The scene is happy, and there is an important message of hope and optimism in these shirts, but they commemorate something dreadful and dark: the abuses of the Indian [sic] Residential School System. These abuses battered the children physically and emotionally and, in more than 4,000 documented cases (2021 stats), caused their death. In 2015 the non-profit Orange Shirt Society was formed in Williams Lake, B.C., and began marketing tees that proclaim “the enduring truth that EVERY CHILD MATTERS, every day and everywhere.”
The inclusivity of the slogan invited, and has won, widespread acceptance. You now see the shirts on people of every ethnicity, of every age, and as every-day apparel. Today the shirts are especially appropriate. Today, 30 September, is Canada’s National Day for Truth and Reconciliation, a day to honour “the children who never returned home and survivors of residential schools, as well as their families and communities.”
All of that is now part of all of us, as it should be. I take it with me as I continue my walk.
On toward English Bay, past more sand and rocks and squealing children and tail-wagging dogs and, up there on separate Seawall tracks, cyclists and pedestrians. Finally, I head for the Seawall myself. I am ready for a city component to this walk and, I realize, more than ready for something to eat.
Out to Beach Avenue, with the A-Maze-ing Laughter sculptures in Morton Park in the middle distance, and Doug Coupland’s soaring mural on a refurbished vintage apartment tower just beyond to the right, and, closer than all that and of more immediate interest to me…

the red & white striped awnings of a hot dog stand.
Hot dog or Bavarian Smokie, it’s all 100% Alberta beef, says the hand-lettered signage, and the Calgary Girl in me nods approval. I eat my Smokie on the beach, and then…

turn down Denman St. for a latte in Delaney’s Coffee House. My front-window seat gives me the inspiring view of this pigtailed cyclist, surely damn near my own age, who is not even breathing hard as she locks up her bicycle.
Next comes a zig-zag through West End Vancouver: I’ve had water & nature, now for pavement & city. A few blocks on Denman, then right turn onto Comox and I stomp right along — until I get to Broughton.
I’ve walked Comox before, I’ve passed this building before and I’ve noticed the thumping great sculpture at the street corner before: Triumph of the Technocrat (Reece Terris). What I’ve never noticed is the curling channel of water along Comox that connects with the sculpture…

and, especially, the words incised into the channel wall.

Thanks to an article and overhead photo in The Source (issue 27 Jan – 10 Feb 2015), I can not only show you the entire channel with its pool at one end and Terris sculpture at the other…

I can also tell you the channel is the work of Vancouver landscape architects Durante Kreuk, and the text is by Vancouver artist Greg Snider.
Snider’s creation is a whole bravura torrent of words, and I want it!

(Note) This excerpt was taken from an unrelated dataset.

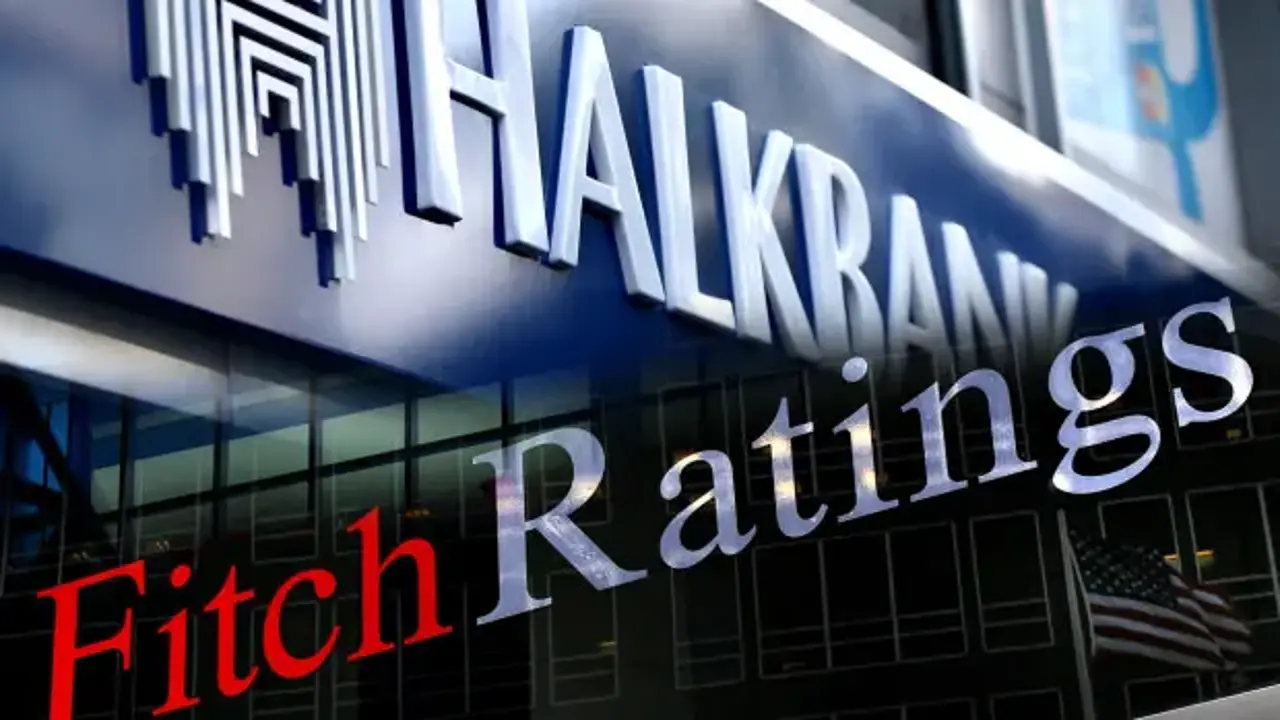 Fitch Ratings'ten son dakika Halkbank kararı! Resmen KAP'a bildirildi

So I inch my way along the channel, taking pictures as I go, just in case the text is not available online.
And it is not. Or, not that I can find. So here we go, I am about to put it online — all but the bits I couldn’t catch because they are obscured by particularly vigorous lavender bushes. You’re not word-crazy? Skip the next paragraph. You are word-crazy? Settle in for the ride.
“A slow wet meander along stoned plaza of frenetic urban structure toward the demiurge of public art, the fiscal trace of exacting development moving with pythagorean acuity the eart [lavender bush…] objects of our collective culture through the bureau of civic demand, the spirit of heavenly smoke spirals from the burnt wood of transcendent aspiration over the long marsh of pantheistic decor as the seemly secular rises around us and art sluices down a crafty pipe — sleepy second [more lavender bush…] arch, techtonic upscaled for perpetuity’s long view (fifty years max) in a device for reflection called triumph of the technocrat.”
My own slow, not-wet meander now complete, I walk on. I pause one last moment on Comox, just before I turn onto Bute, for a cheerful and timely bit of sidewalk art.

Buoyed by that, I carry on — north & east, east & north — to Burrard & West Pender, where I catch a # 19 bus, and ride on home.